According to their former vice president, Marissa Mayer, Google then conducted a test with 30 results per SERP. The version with 30 results showed a decrease in traffic and profits by 20%, compared to the version with 10 results. How is that possible?

Google needs 0.4 seconds to create and deliver a SERP with 10 results. The page with 30 results, on the other hand, took 0.9 seconds to load. This difference of 0.5 seconds destroyed the user satisfaction and lead to a new constraint that cost them 20% of the traffic. To this day, Google will only show 10 organic results, thanks to this experiment.

The supermarket has essentially the same problem. In theory, they could simply put up more shelves. But such a measure would narrow the aisles for the customers and have a strong negative effect on the entire shopping experience. This means that the supply in a supermarket is therefore also limited to a specific amount of floor-space.

Math problem: Optimise the supermarket shelf-space

Now that we identified the constraint, we can look at a simple example. Let’s assume we have a specific shelf in a supermarket for newspapers and magazines. The shelf is made up of 10 rows which we can be use for the merchandise. The supermarket manager has the following data at his disposal.

Data for the shelf space optimization at the supermarket
Data for the shelf space optimization at the supermarket

Note: I would ask our kind readers to please forgive me using the economist terminology “contribution margin” instead of the colloquial term “profit.” I simply can’t help myself. Explanation: Profit = contribution margin – fixed cost (rent, personnel costs etc.).

How should the supermarket manager adjust the assortment of newspapers and magazines in order to maximise the contribution margin? Should there be a change to the available merchandise? Do you know how to arrive at the correct solution?

Solution to the math problem

The solution is very simple, if you have internalised the basics of constraint-optimisation. The entire system needs to be adjusted in order to best utilise the constraint, in this case the available shelf space.

Solution to the shelf-space optimisation example problem
The contribution margin per product-group has to be divided by the number of occupied shelf rows, to result in the relative contribution margin per product-group. The assortment of product-groups with a relative contribution margin >200 € is expanded and product-groups with a relative contribution margin <200 are reduced.

Our crucial indicator here is not the contribution margin per product-group from table 1 (consumer publications, trade journals, etc.). In order to optimise the shelf, we need a contribution margin per constraint (relative contribution margin per shelf-row). We therefore do not ask for the specific total contribution margin of all product-groups in total, but want to know how much of a contribution margin we managed to generate from the shelf-space in use. For this, we divide the contribution margin per product-group by the number of occupied rows on the shelf and get the relative contribution margin. We all know this principle from our online marketing evaluations, when we work with indicators like the Click-Through-Rate (CTR) and consider a number of clicks in relation to the constraint-claim (impression).

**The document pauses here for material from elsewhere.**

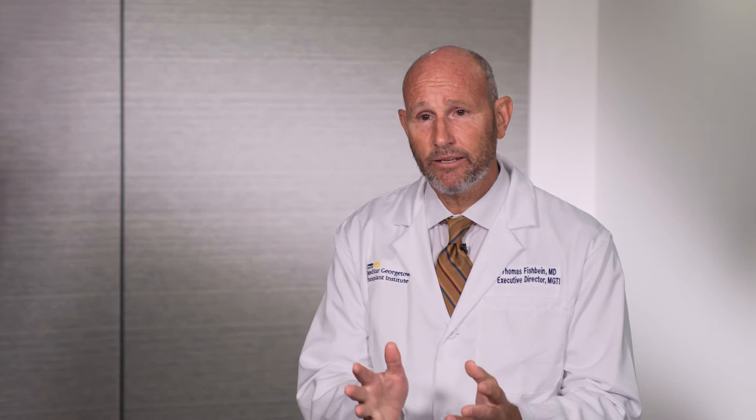Children sometimes require hepatobiliary surgery, which means surgery of the liver, bile duct, or pancreas. They need this type of surgery for a variety of different conditions, most of which are inherited. A child may be born with an abnormality of the liver, the pancreas, or the bile duct. These are rare conditions dealt with by only very unique people with very unique backgrounds.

Relative contribution margin per product-group

On average, 10 shelf rows will generate a contribute margin of 200€ (2.000 € CM : 10 rows). The trade journals only manage to generate 150 EUR per shelf row. This makes them the most uneconomic product-group. While they may be the product-group with the second largest overall contribution margin, aside from the consumer publications with 450 EUR, they also take up three entire rows and thereby 30% of our constraint. All the while, they only generate 22,5 percent of the contribution margin. We could surely use part of this shelf space more efficiently.

The comics only generate an overall contribution margin of 300 EUR, but they also occupy just one row on the shelf. Due to this, they are the most economical product-group with a relative contribution margin of 300 EUR.

We can now easily figure out what to optimise. We should reduce all the product-groups with a below average relative contribution margin (< 200 EUR) and instead fill their spaces with those product-groups that managed an above average relative contribution margin (> 200 EUR).

In our example, the supermarket manager should use less shelf space for trade magazines and newspapers and experiment with using the free space for comics and consumer publications. It might also be profitable to introduce an entirely new product-group, such as paperbacks, for example. The long-term goal is an increase in the average contribution margin per shelf-row.

There is no exact solution to this problem, as the marginal benefit of the product-groups is unknown. The manager does not know whether to increase the comics by 10, 50, or 100 percent. He only knows the direction of the change. He has no other choice than to iteratively test his way to the optimal solution. Once he has changed the available product-groups and their relative shelf-space, a new round of tests with new data begins.

In real life these decision processes are obviously much more complex, as a lot more information, data, and options are available. We deliberately decided to keep this example simple.

How can we translate the shelf space optimization to Google?

The principle of constraint-optimisation, also called Theory of Constraints is a well-known, practical and successful economic method. It is not only used by retailers to figure out how to best utilise their available sales areas, but throughout all business administration roles (production, marketing, supply-chain-management, finance, controlling, project management etc.).

The image of the funnel model serves as an illustration of the main theorem of the Theory-of-Constraints: “In every value chain there is exactly one system that determines the performance of the whole – a distinct constraint”.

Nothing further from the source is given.